Hi... I'm a programmer, and I think I can solve a particular problem I'm having a lot easier if I only had a little more knowledge in math. Perhaps one of you can point me in the right direction so I can teach myself what I want to know.

The concept is this:

You have a set of discrete points such that the set x = (a, b, c, d, ....). All points a, b, c, d, etc. are not periodic in nature (normally). In other words, they could be regular such as x = (2, 4, 6, 8), or x = (2, 4, 8, 16) but more often than naught they will have no pattern such as with x = (all primes).

Each of these points are to represent a relative min, a relative max, OR a relative min/max of an equation. (all three will work for my purposes). I need to interpolate a curve that has a relative min/max for each of the points in set {x}. Preferably, I would like this to be the sum of wave functions so that the actual equation itself can be reduced into a much simpler function via trig identities (more simple meaning easier for a computer to store... reduced). If that is not possible, some sort of spline could work too... maybe.

It does not matter what happens between the points, so long as at the points themselves they are a relative min/max. This min/max value can be a set number such as 1 / -1 . It doesn't matter, I just need them to peak at those discrete points and only those discrete points.
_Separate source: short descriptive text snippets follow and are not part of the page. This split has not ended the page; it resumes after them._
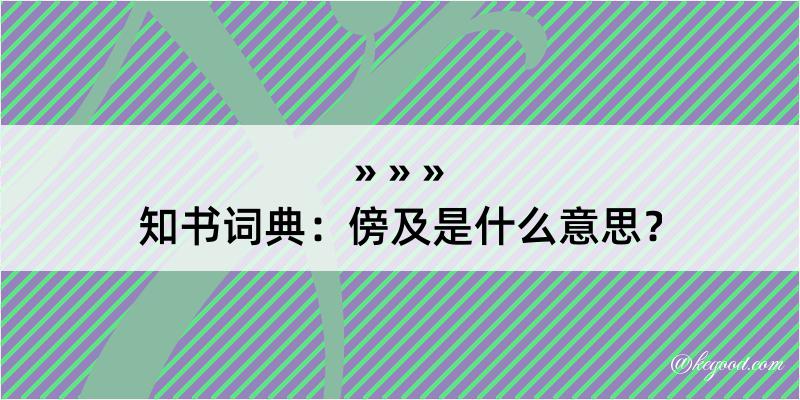 知书词典：傍及是什么意思？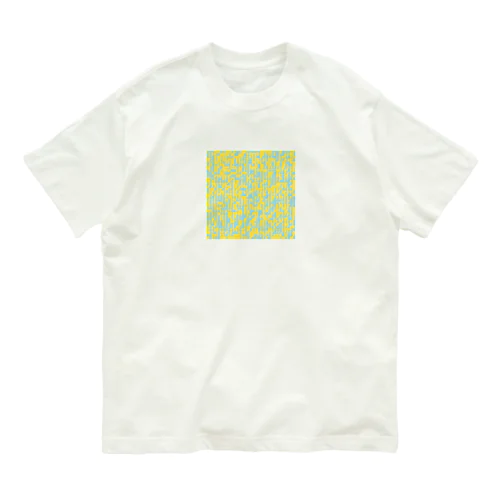emirp1089-A Organic Cotton T-Shirt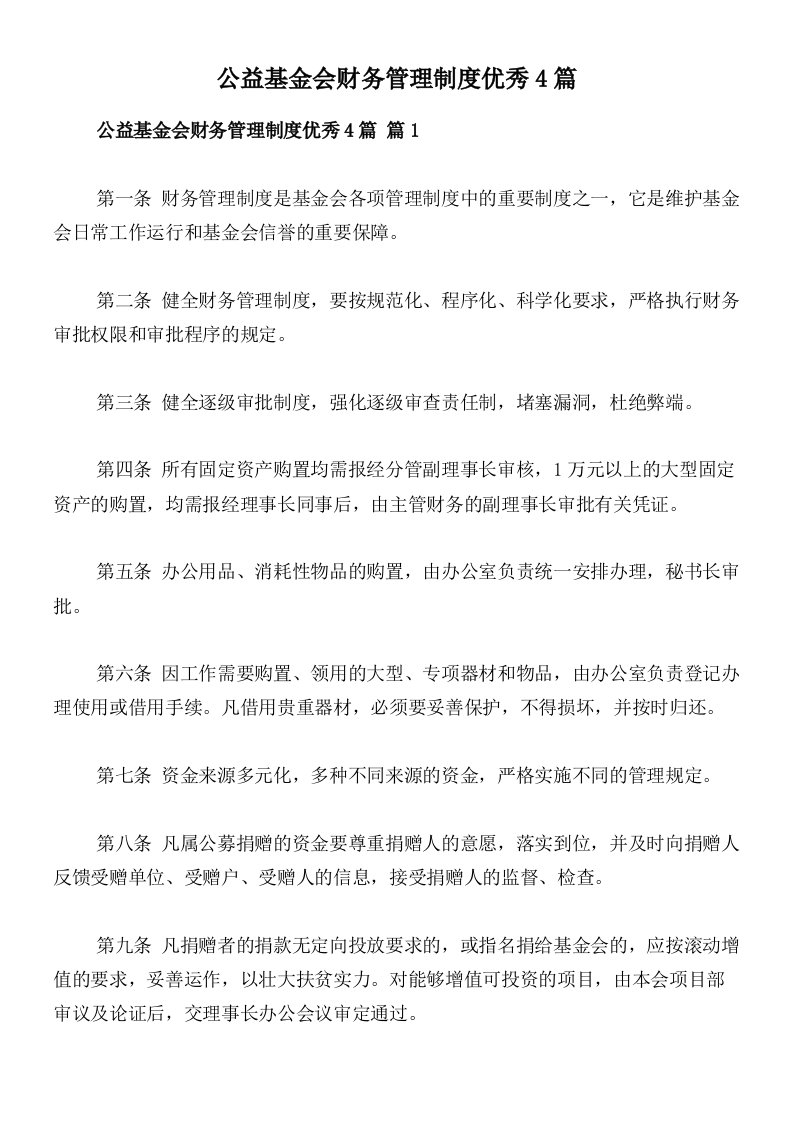 公益基金会财务管理制度优秀4篇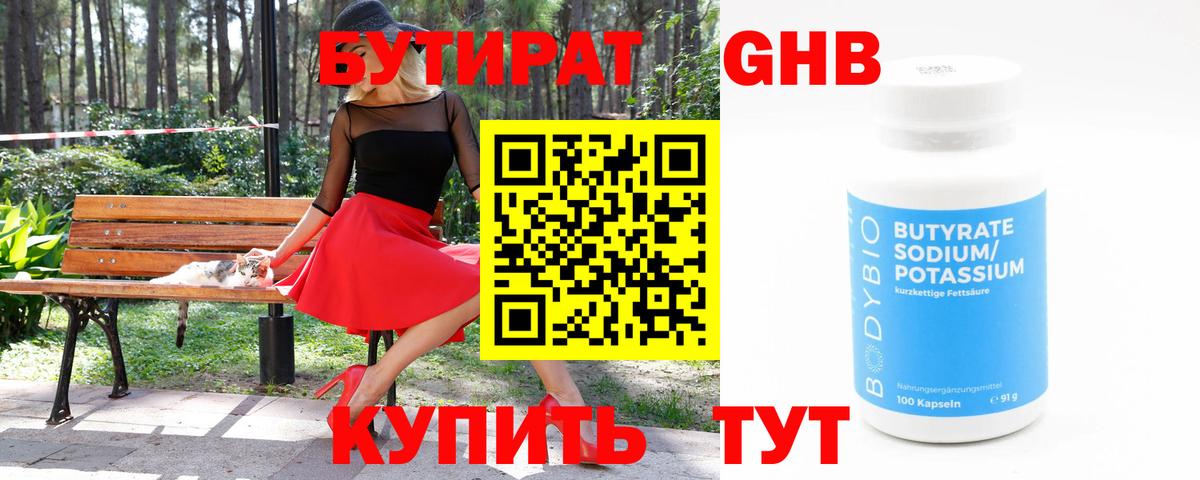 БУТИРАТ бутик Новотроицк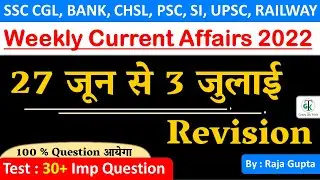 27 जून  से 3 जुलाई 2022 Weekly Current Affairs🔥| Most Important Current Affairs 2022 | By Raja Sir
The cardinality of x is variable.

To help you picture what I'm talking about, picture a wave function with the peaks of the function being one of those discrete points.

What method should I use to accomplish this?

EDIT: Another alternative to min/max peaks could be the roots of the function.

Last edited: Aug 13, 2006
2. Aug 14, 2006

### VietDao29

If I interprete this correctly, then what you need is a polynomial. The local max/min of the function (or local extrema) is just where f'(x) = 0.
Say, the function has the following set of extremas: {a, b, c, d, e}
Then f'(a) = f'(b) = f'(c) = f'(d) = f'(e) = 0
So, the simplest curve you can find is the anti-derivative of:
f'(x) = (x - a)(x - b)(x - c)(x - d)(x - e)
So the curve is:
$$f(x) = \int f'(x) dx$$

3. Aug 14, 2006

### Rafajafar

Is there any way to do this such that the number of terms is less than the number of points in the set of extrema?